Kate: After a busy morning of shopping, lunch was overdue, so we headed off to Church Street Café (where the green umbrella is), a restaurant that we visited on our first trip to Albuquerque seven (?) years ago.

The restaurant is located in an old house. “Casa de Ruiz, which literally translates to ‘the house of Ruiz,’ has a long and distinctive history. Unfortunately much of this history has been lost with the passage of time and that which remains is at best uncertain. The house was built during the founding of Albuquerque sometime after 1706. This would make Casa de Ruiz the oldest residence in Albuquerque and one of the oldest structures in the state of New Mexico…The property was originally a residence built by the Ruiz family in the early 1700's. It remained a residence until the last inhabitant, Rufina G. Ruiz died in 1991 at the age of 91. The house had never been sold and had remained in the Ruiz family since the early 18th century” (From the restaurant’s web site).

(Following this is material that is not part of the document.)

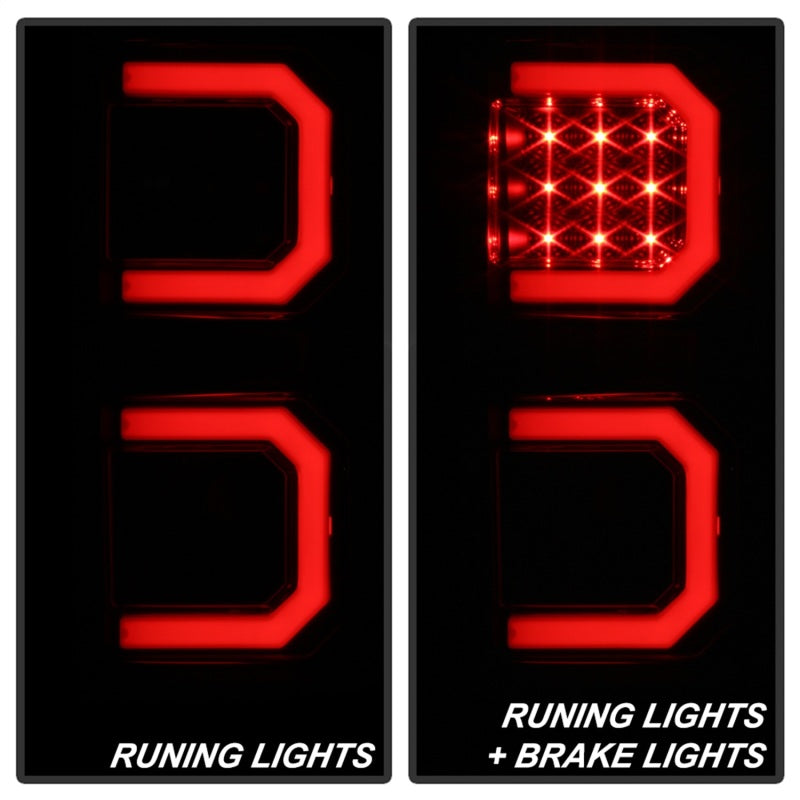 Spyder 07-13 Toyota Tundra V2 Light Bar LED Tail Lights - Smoke ALT-YD-TTU07V2-LB-BSM - 5085443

In front is a small patio with two large round tables, each seating six. Inside, there are three small dining rooms with seating for twenty-five to about forty. In the back of the house is a newer dining area where we were seated. It looks as though there will eventually be a much larger outdoor patio, but this area was still under construction.

While our dining room didn’t have the old New Mexico charm of the front rooms, the owners have made an attempt to recreate the atmosphere of the past. One wall is dominated by a large kiva fireplace and another wall contains a long bench strewn with colorful pillows (photo below).

As you would expect, the menu relies heavily on New Mexican food, although the salad and sandwich lists do include a number of “All American” diner options, e.g., chef salad, fruit salad, turkey sandwich (with green chile), ham and cheese sandwich, club sandwich. But why travel over 1,700 miles to eat the same food that I can find in any East Coast diner? So we both went with “standards with a twist.” Chuck chose the Duke City (ABQ is known as the Duke City) Philly and I the Navajo Taco.

The Navajo Taco is basically a taco salad served on Indian Fry Bread. Indian fry bread is tradition to the Navajo, and though the tradition of fry bread is common among many Southwestern Tribes, it is the Navajo who developed the recipe. Baking powder is used as the leavening agent, and as the name suggests, the plate-size round of dough is fried in very hot oil or other fat. The result is a fried circle of dough about eight to ten inches in diameter. This disc was then topped with seasoned ground beef, beans, cheese, avocado, lettuce, and tomato. I had forgotten how filling the Navajo Taco can be!!

Chuck’s Duke City Philly was a large flour tortilla stuffed with shredded beef and finely chopped fried onion and came with a small bowl of green chile on the side.

Both of our lunches were good, but lacked the intense seasoning you find at restaurants (Tito and Mary’s or Garcia’s Kitchen) that cater to a mostly local audience. I suspect that, being in one of Albuquerque’s prime tourist areas, Church Street Café turns down the heat so to speak.

Since I wanted dessert (When don’t I want dessert?) I ate about two-thirds of my taco and took the rest home. It reheated nicely and made an interesting breakfast.

Time for dessert. Would it be the fried ice cream, the natillas (Mexican pudding), the bunuelo (fry bread dusted with sugar and cinnamon), or the flan? No, it was the sopaipilla stuffed with vanilla ice cream, drizzled with chocolate, and garnished with whipped cream. Chuck described this as a funnel cake (a Pennsylvania Dutch tradition) gone wild.

This was certainly not the best of Albuquerque’s food, but was a pleasant respite from searing chile and earns a 3.5 Addie rating.